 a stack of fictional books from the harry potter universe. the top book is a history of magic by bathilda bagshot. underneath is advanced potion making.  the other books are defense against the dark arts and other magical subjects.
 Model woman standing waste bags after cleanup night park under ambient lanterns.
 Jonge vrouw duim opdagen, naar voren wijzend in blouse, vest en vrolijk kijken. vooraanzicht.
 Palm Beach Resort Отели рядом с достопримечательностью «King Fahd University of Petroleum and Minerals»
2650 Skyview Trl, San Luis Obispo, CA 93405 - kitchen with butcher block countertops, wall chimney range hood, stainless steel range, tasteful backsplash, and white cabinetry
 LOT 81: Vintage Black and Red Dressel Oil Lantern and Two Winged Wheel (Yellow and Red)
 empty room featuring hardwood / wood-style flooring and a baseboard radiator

---

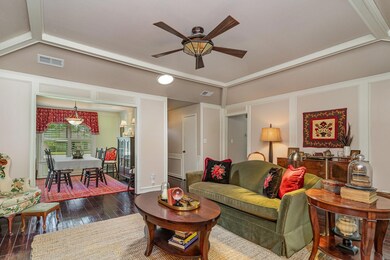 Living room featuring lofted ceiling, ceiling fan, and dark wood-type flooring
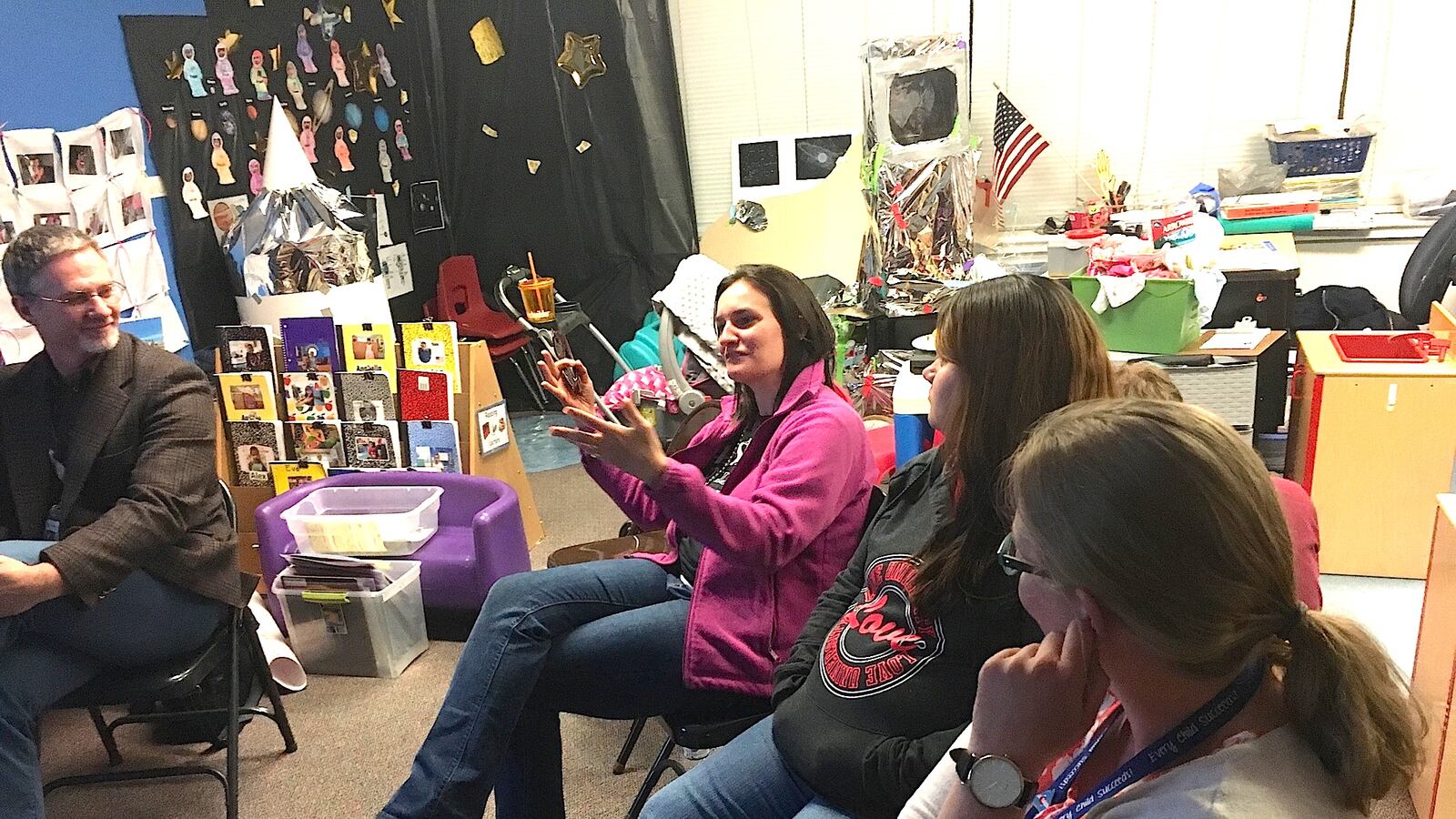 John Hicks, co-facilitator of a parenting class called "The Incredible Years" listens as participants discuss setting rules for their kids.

**Problem**: Of the lines above, retype only those from the line containing "a stack of fictional" through the line containing "empty room featuring", including both, exactly.

**Solution to the problem**:
 a stack of fictional books from the harry potter universe. the top book is a history of magic by bathilda bagshot. underneath is advanced potion making.  the other books are defense against the dark arts and other magical subjects.
 Model woman standing waste bags after cleanup night park under ambient lanterns.
 Jonge vrouw duim opdagen, naar voren wijzend in blouse, vest en vrolijk kijken. vooraanzicht.
 Palm Beach Resort Отели рядом с достопримечательностью «King Fahd University of Petroleum and Minerals»
2650 Skyview Trl, San Luis Obispo, CA 93405 - kitchen with butcher block countertops, wall chimney range hood, stainless steel range, tasteful backsplash, and white cabinetry
 LOT 81: Vintage Black and Red Dressel Oil Lantern and Two Winged Wheel (Yellow and Red)
 empty room featuring hardwood / wood-style flooring and a baseboard radiator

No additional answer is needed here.